McDonnell's Marxism makes him unfit for office

Recently, footage of the Shadow Chancellor, Labour MP John McDonnell, discussing the 2007 Financial Crisis in 2013 has surfaced. The veteran left-wing backbencher was recorded commenting:

We’ve got to demand systemic change. Look, I’m straight, I’m honest with people: I’m a Marxist. This is a classic crisis of the economy – a classic capitalist crisis. I’ve been waiting for this for a generation! For Christ’s sake don’t waste it, you know; let’s use this to explain to people this system based on greed and profit does not work.”

McDonnell has come under fire for appearing to revel in an economic crisis that resulted in job losses, recession, and not insignificant suffering. His somewhat glib response was that he was “joking”. In fairness, he probably did not mean that he was delighted by the actual impact of the crisis.
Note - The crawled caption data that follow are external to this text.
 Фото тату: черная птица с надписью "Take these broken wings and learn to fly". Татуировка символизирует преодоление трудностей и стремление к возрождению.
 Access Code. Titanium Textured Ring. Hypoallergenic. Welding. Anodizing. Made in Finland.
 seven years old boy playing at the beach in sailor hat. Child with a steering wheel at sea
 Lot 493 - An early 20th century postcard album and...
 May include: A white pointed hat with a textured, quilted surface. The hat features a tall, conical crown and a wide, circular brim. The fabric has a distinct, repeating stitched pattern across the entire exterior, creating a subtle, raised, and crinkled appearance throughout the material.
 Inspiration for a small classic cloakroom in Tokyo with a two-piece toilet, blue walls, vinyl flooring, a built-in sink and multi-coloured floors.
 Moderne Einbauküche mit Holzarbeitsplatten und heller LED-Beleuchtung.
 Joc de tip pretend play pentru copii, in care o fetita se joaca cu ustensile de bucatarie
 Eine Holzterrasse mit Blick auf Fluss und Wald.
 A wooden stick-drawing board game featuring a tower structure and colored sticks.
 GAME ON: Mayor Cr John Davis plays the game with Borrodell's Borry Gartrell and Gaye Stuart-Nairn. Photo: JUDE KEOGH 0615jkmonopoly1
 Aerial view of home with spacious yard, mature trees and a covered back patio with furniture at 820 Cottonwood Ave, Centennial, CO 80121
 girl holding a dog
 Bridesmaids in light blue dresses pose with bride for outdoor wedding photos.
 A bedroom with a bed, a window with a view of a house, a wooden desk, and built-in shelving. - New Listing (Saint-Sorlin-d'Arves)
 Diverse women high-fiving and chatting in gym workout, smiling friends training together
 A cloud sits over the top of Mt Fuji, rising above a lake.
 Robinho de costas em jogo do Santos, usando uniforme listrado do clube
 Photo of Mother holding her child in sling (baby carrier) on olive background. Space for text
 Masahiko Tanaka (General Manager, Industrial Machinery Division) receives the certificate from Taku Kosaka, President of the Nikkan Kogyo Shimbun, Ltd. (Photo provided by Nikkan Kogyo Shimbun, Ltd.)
That said, his comments do still reveal that he is entirely unsuited to being anywhere near power of any kind, let alone being Chancellor of the Exchequer.

Being a Marxist entails being economically illiterate and historically ignorant. It can, and in McDonnell’s case does, also imply valuing theory over people.

The financial crisis does not require a Marxist framework for explanation. From a reasonable left-wing perspective, it was the result of excessively light-touch regulation and over-reliance on the efficient market hypothesis. A better explanation is that the wrong kind of regulation was in place, which incentivised sub-prime lending. A focus on monetary policy is also instructive, with the Federal Reserve’s ultra-low Interest Rates in the early 2000s contributing to the growth of the housing bubble.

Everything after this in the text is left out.